Na Europa, um consórcio de dez grandes bancos desafia a hegemonia do dólar digital criando uma empresa dedicada a uma stablecoin de euro. Nos EUA, a Stripe não apenas compra uma carteira cripto, mas lança sua própria blockchain. E no Brasil, o Banco BV mostra que a tokenização do Agro deixou o PowerPoint e virou ganho de eficiência operacional com IA.

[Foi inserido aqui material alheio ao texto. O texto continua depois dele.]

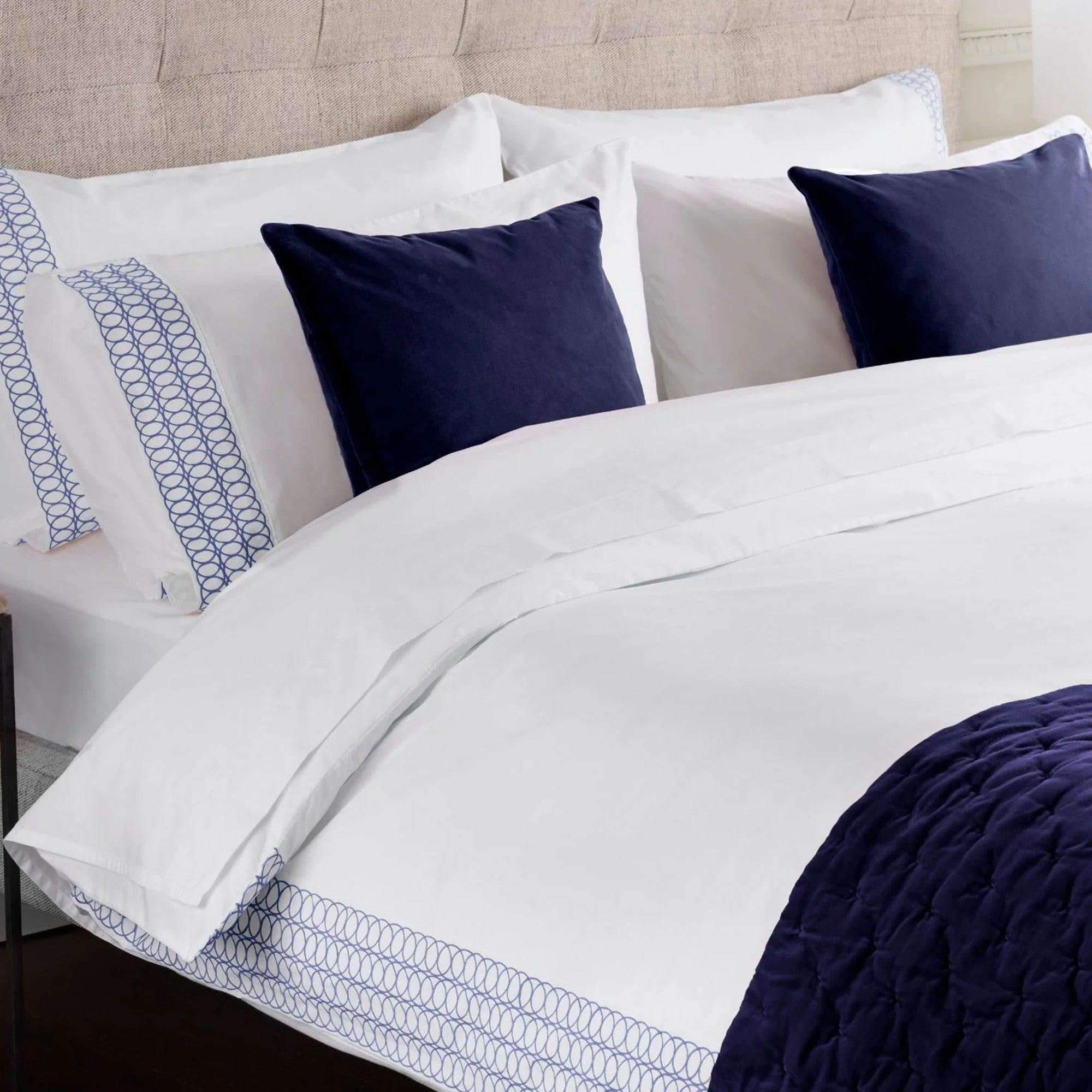 Jasper Conran "Circles Embroidered Border" Duvet Cover in White-True Blue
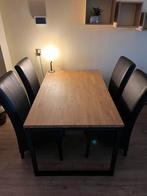 Industriële tafel met 4 bruine stoelen, Ophalen, Zo goed als nieuw, 4 tot 6 stoelen
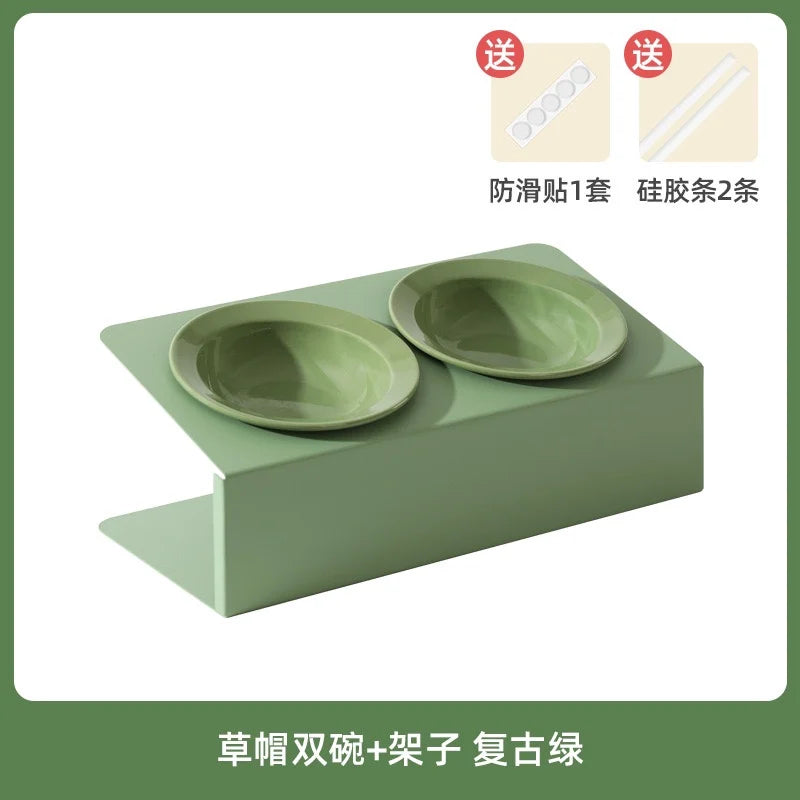 WhiskerDish™ Elevated Ceramic Cat & Dog Feeding Bowl Set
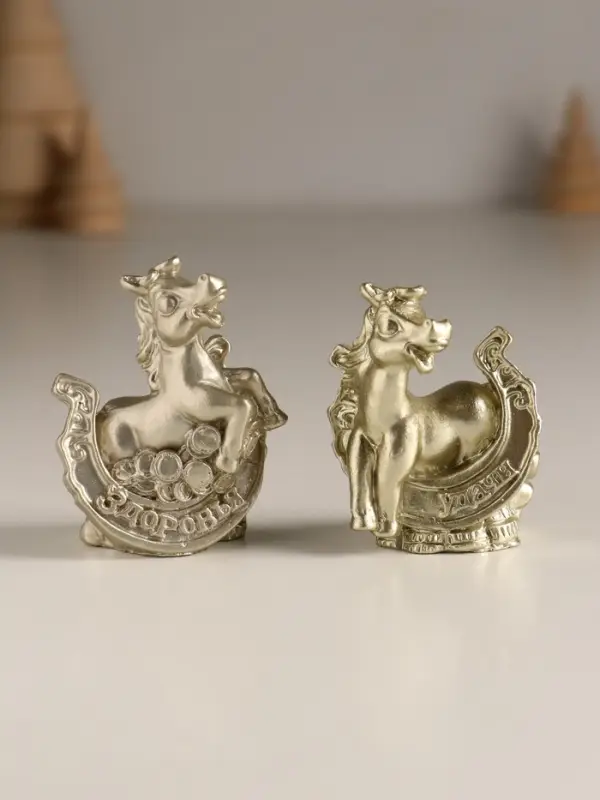 Сувенир полистоун Сувенир полистоун "Коник с подковой и пожеланием" МИКС 5,5х4х3 см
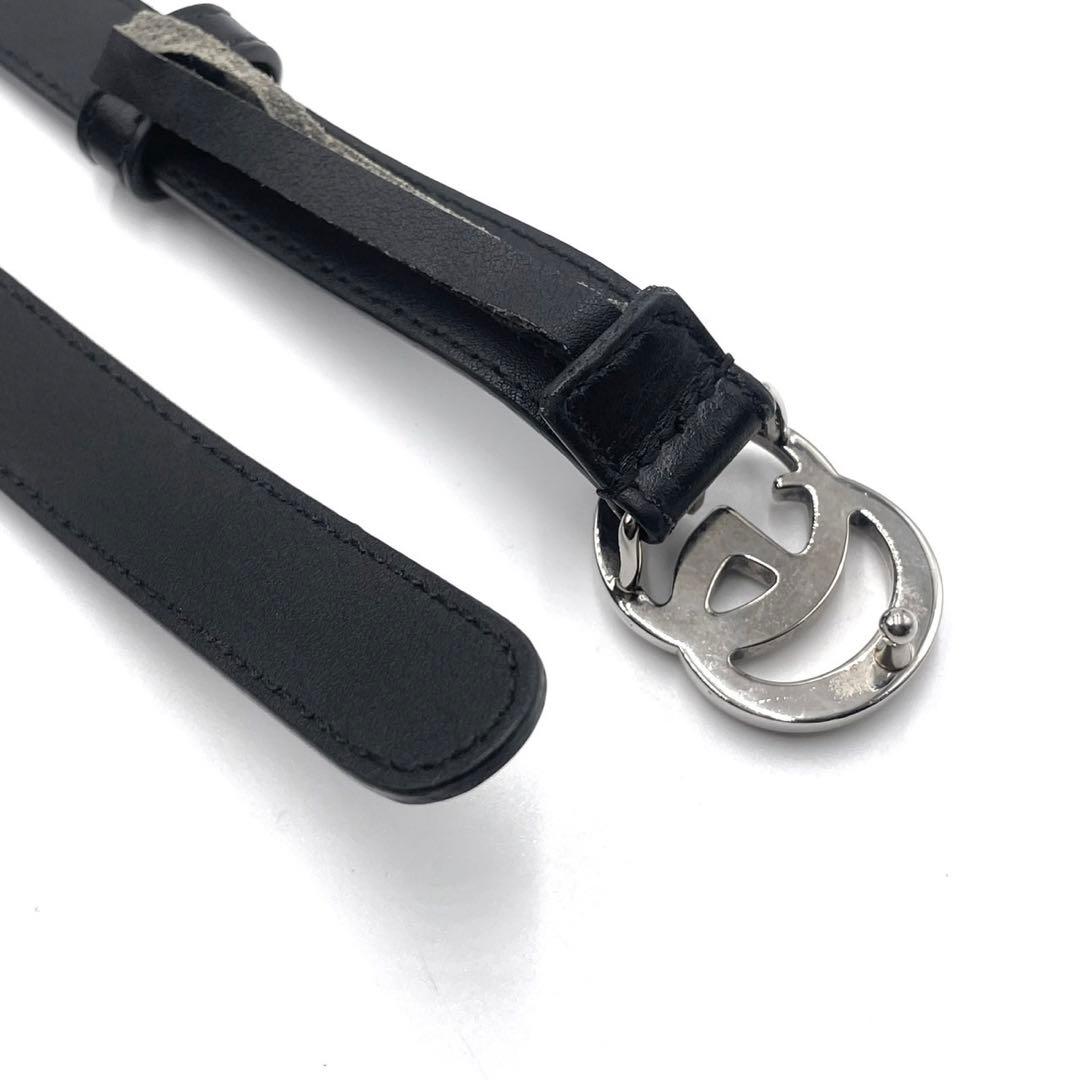 【極美品✨】グッチ GGマーモント ベルト バックル シルバー レディース 黒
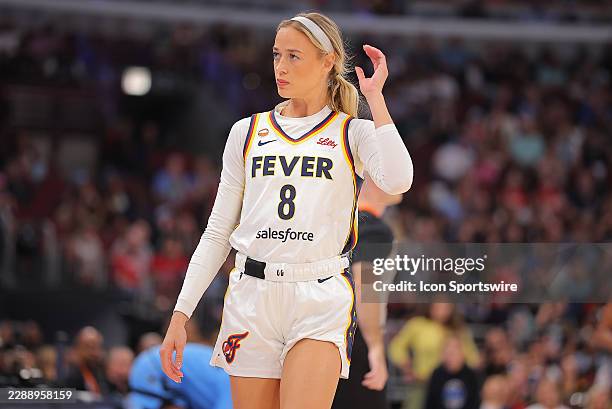 Sophie Cunningham of the Indiana Fever looks on during a game against the Chicago Sky on August 8, 2026 at the United Center in Chicago, Illinois.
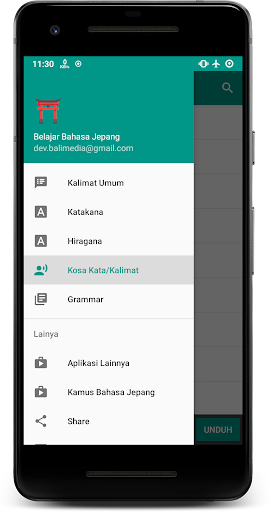 Android application Belajar Bahasa Jepang screenshort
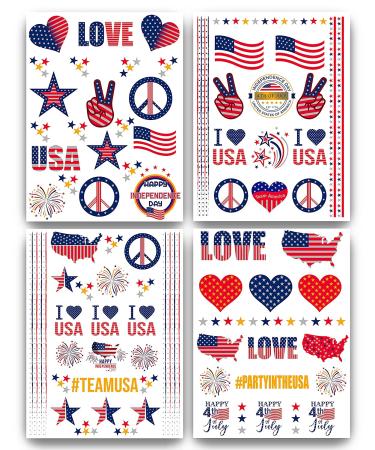 Terra Tattoos Fourth of July Temporary Tattoo Set - 75 Red White Blue & Metallic Designs - Buy Online on SooperMarket.com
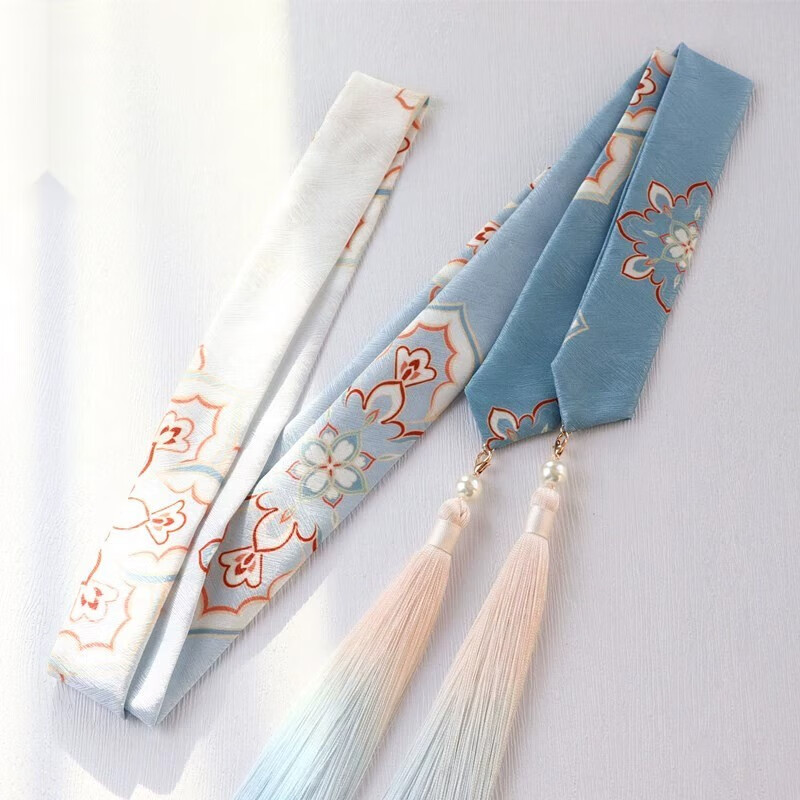 tlxt施华洛世奇锆山色古风印花飘带汉服渐变流苏发带头绳发饰 湖光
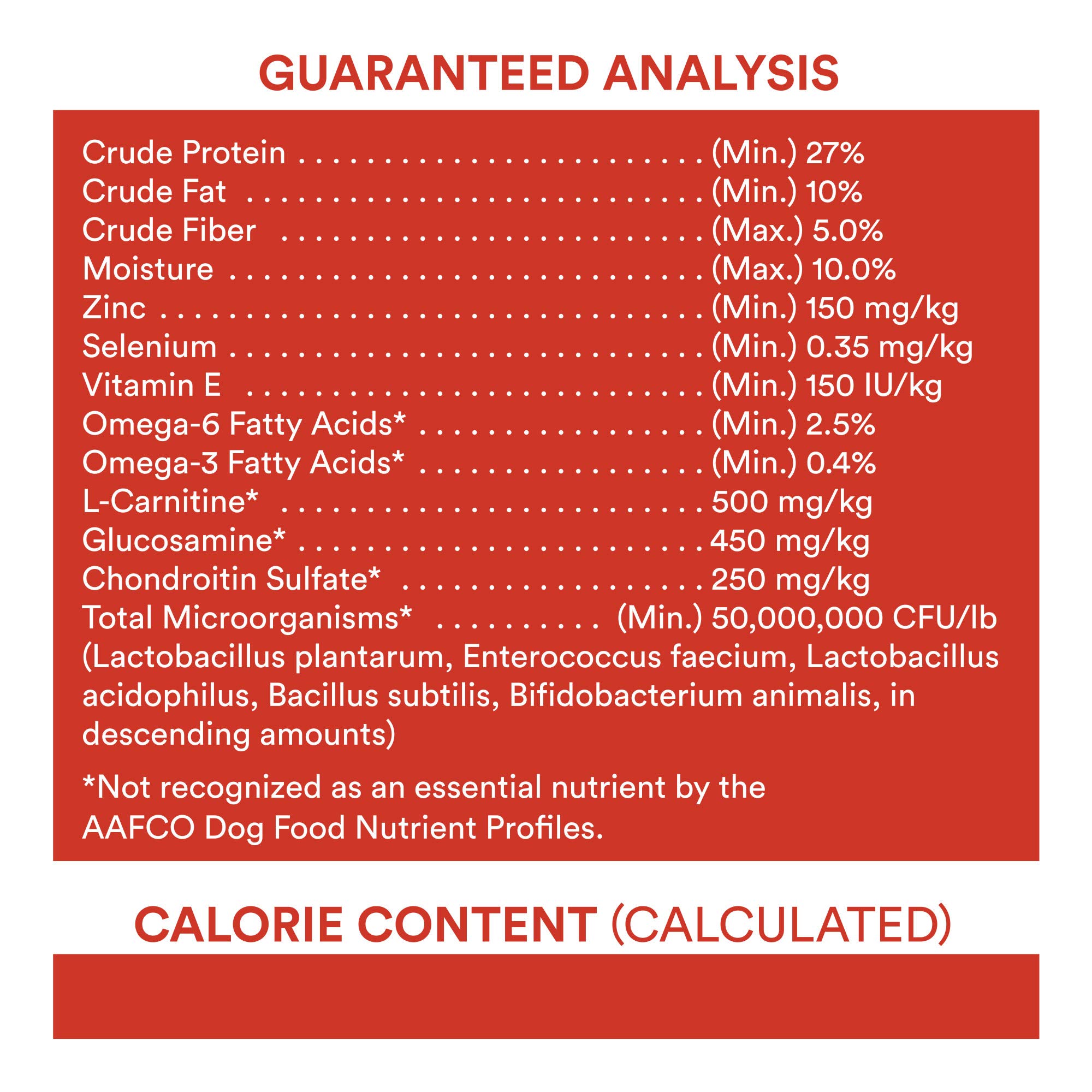 wholehearted dog food calories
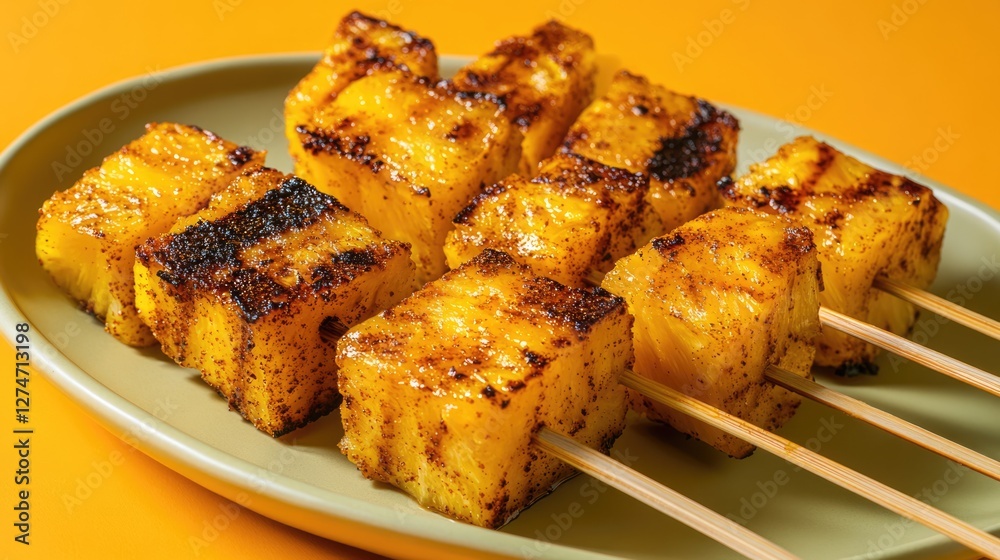 Grilled Pineapple Skewers: Sweet, caramelized pineapple cubes on wooden skewers, plated on a light green dish against a vibrant yellow background. Grilled Pineapple Skewers: Sweet, caramelized pineapple cubes on wooden skewers, plated on a light green dish against a vibrant yellow background.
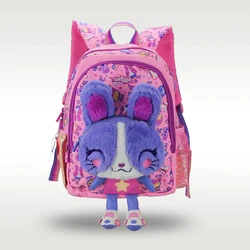 Australia Smiggle original hot-selling children's schoolbag high quality cute purple rabbit plush girl bag 3-6 years old 14 inch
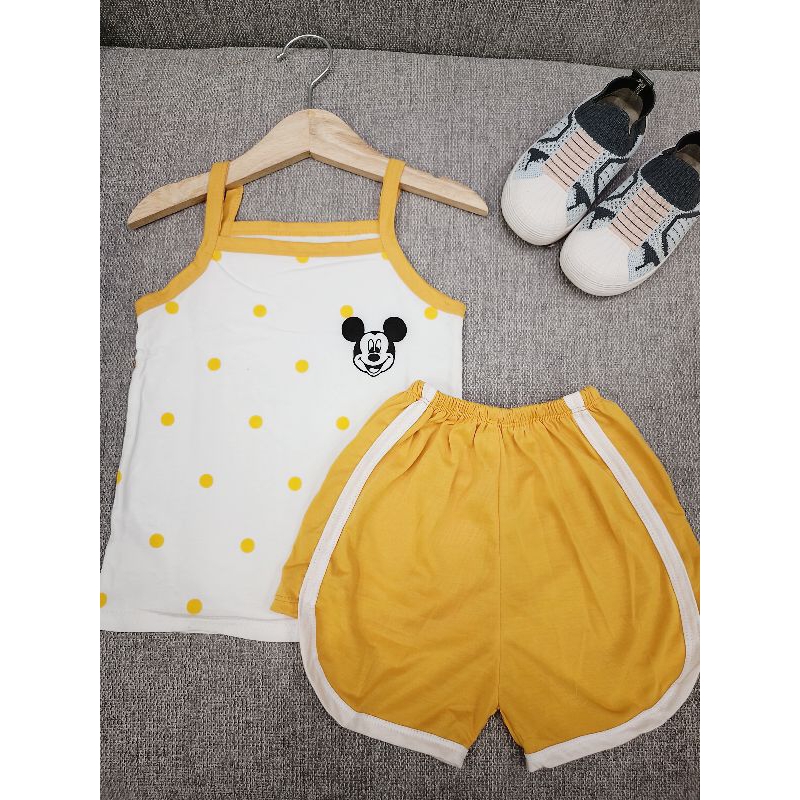 Bộ 2 dây bé gái, vải cotton mềm mịn, thoáng mát, in hình mickey dễ thương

A mensagem é estratégica: quem controla a infraestrutura, dita a margem.
1. Qivalis: A Resposta Bancária Europeia
Um consórcio de peso formado por dez instituições financeiras — incluindo BNP Paribas, ING, UniCredit e Santander (via participações) — anunciou a criação da Qivalis, uma nova empresa sediada na Holanda com um objetivo claro: emitir e gerir uma stablecoin regulada de Euro.
O Ponto-Chave: Soberania e Liquidez. Até hoje, o mercado de stablecoins é dominado por emissores privados americanos (como Tether e Circle) e focado no Dólar. A Qivalis é a resposta institucional da Europa para não perder a relevância monetária na economia digital. A empresa já solicitou licença de Instituição de Dinheiro Eletrônico (EMI) e planeja o lançamento para 2026.
Análise Estratégica: Os bancos europeus entenderam que, se não digitalizarem o Euro via blockchain privada e compliant, perderão o fluxo de pagamentos B2B e industriais (IoT) para os “dólares digitais”. Para os bancos brasileiros, a lição é a colaboração: em vez de dez moedas próprias fragmentadas, a união em torno de um padrão único (como a Qivalis ou o Drex) é o único caminho para ganhar escala contra as Big Techs.
2. Banco BV: O Agro Agora é Tokenizado (e com IA)
Enquanto a Europa foca na moeda, o Brasil avança na tokenização do ativo real (RWA). O Banco BV anunciou a emissão de um CDCA (Certificado de Direitos Creditórios do Agronegócio) tokenizado, utilizando uma combinação de blockchain para registro e Inteligência Artificial para validação de lastro.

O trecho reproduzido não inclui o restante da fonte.